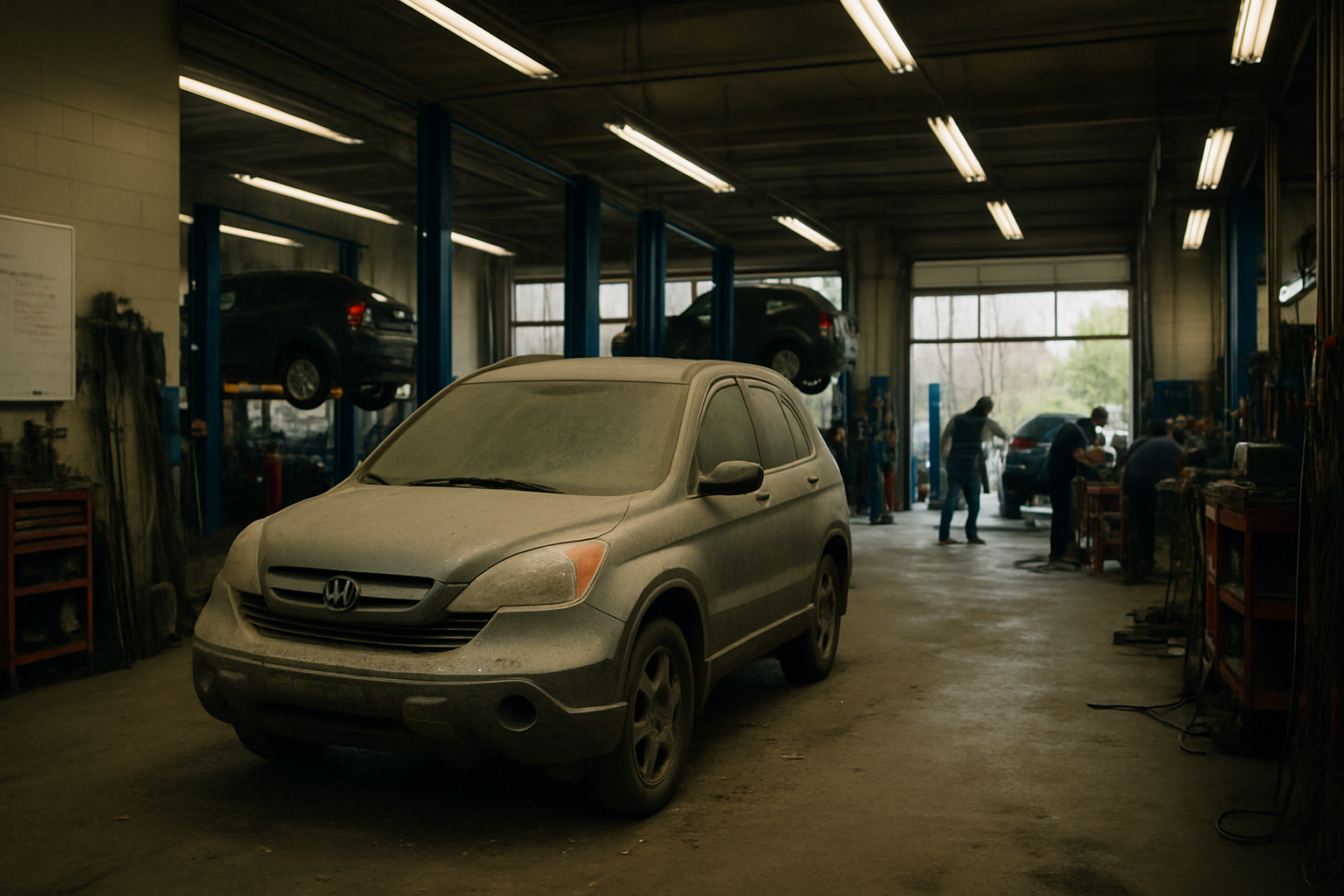 The $3,600 Paperweight: Why Abandoned Vehicles Are Bleeding Canadian Shops Dry
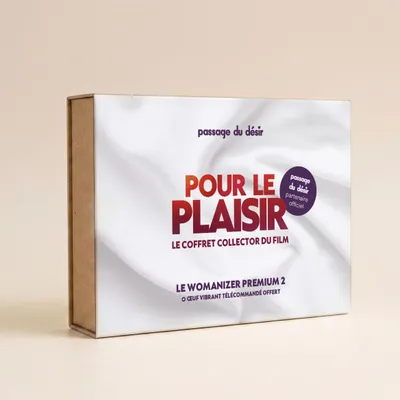 Gagne le coffret collector du film Pour le Plaisir, mis en place...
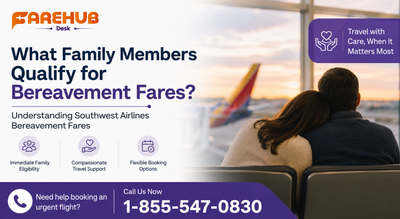 What Family Members Qualify for Bereavement Fares?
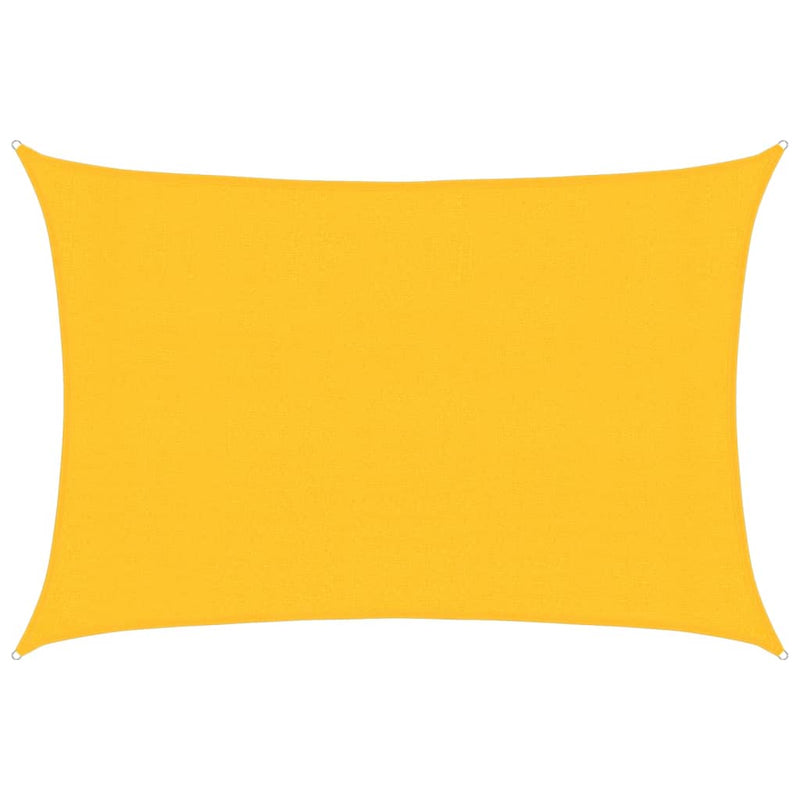 Load image into Gallery viewer, Vidaxl zonnezeil 160 g m² 3x5 m hdpe geel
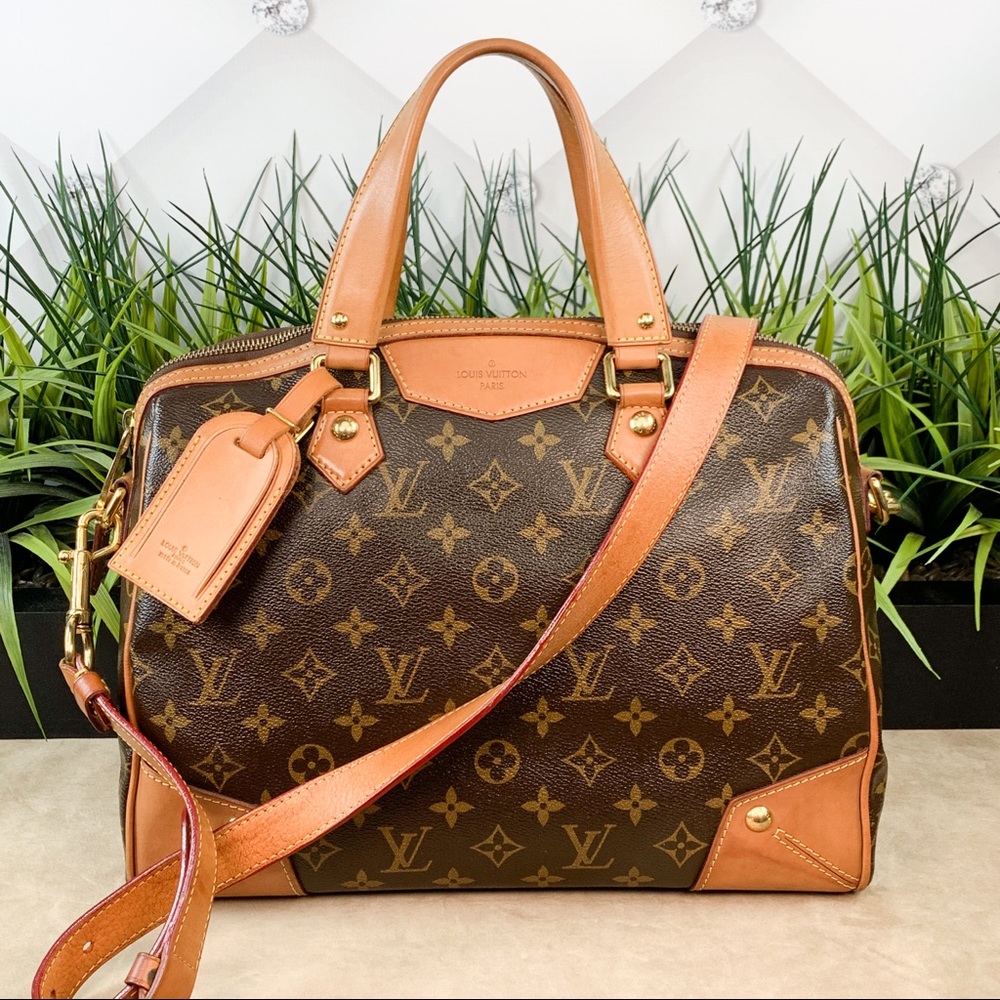 SOLD Louis Vuitton Retiro Two Way Mono - Picture 1 of 16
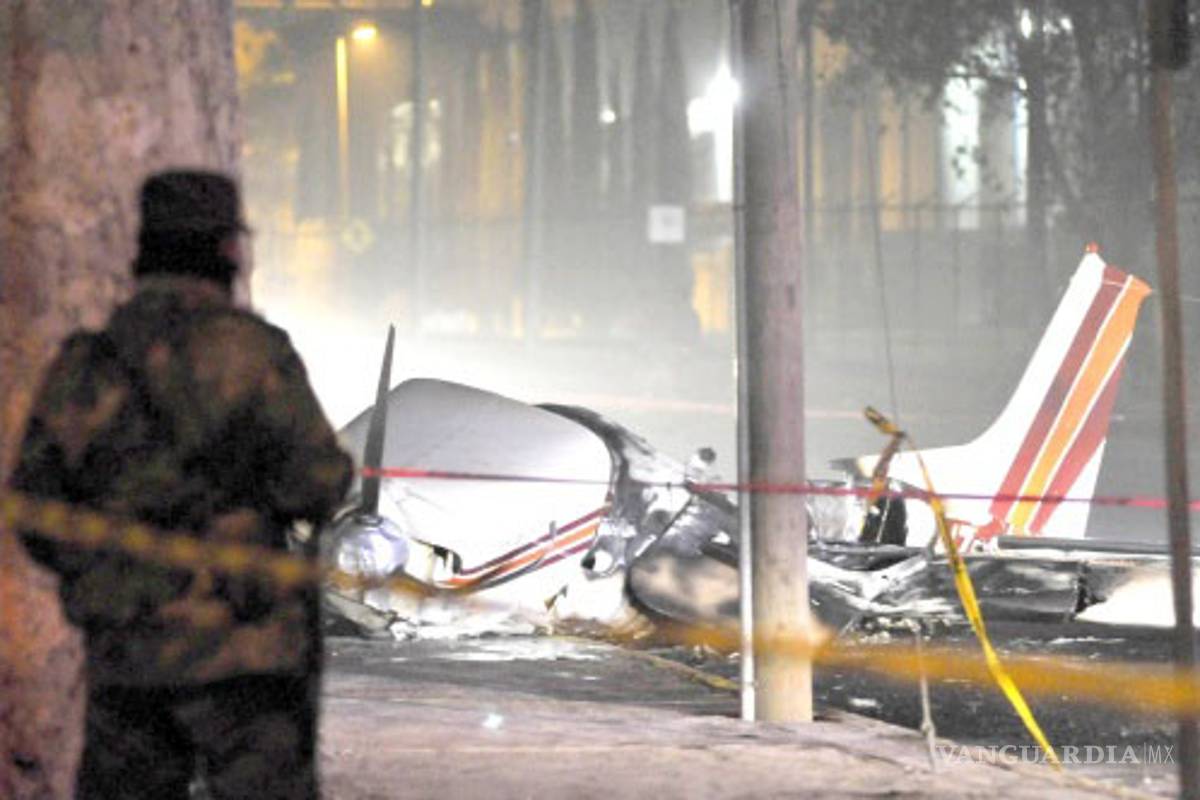 Recuerdan caída de avioneta en Ramos Arizpe a diez años de la tragedia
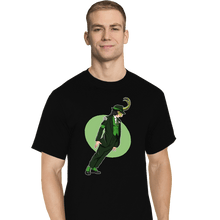 Load image into Gallery viewer, Shirts T-Shirts, Tall / Large / Black Are You Loki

#### GOAL OF THE EXERCISE:
Omit pictures; set down the rest of the material word for word.

#### ANSWER TO THE EXERCISE:
 The $3,600 Paperweight: Why Abandoned Vehicles Are Bleeding Canadian Shops Dry
 Gagne le coffret collector du film Pour le Plaisir, mis en place...
 What Family Members Qualify for Bereavement Fares?
 Load image into Gallery viewer, Vidaxl zonnezeil 160 g m² 3x5 m hdpe geel
 SOLD Louis Vuitton Retiro Two Way Mono - Picture 1 of 16
 Recuerdan caída de avioneta en Ramos Arizpe a diez años de la tragedia
 Load image into Gallery viewer, Shirts T-Shirts, Tall / Large / Black Are You Loki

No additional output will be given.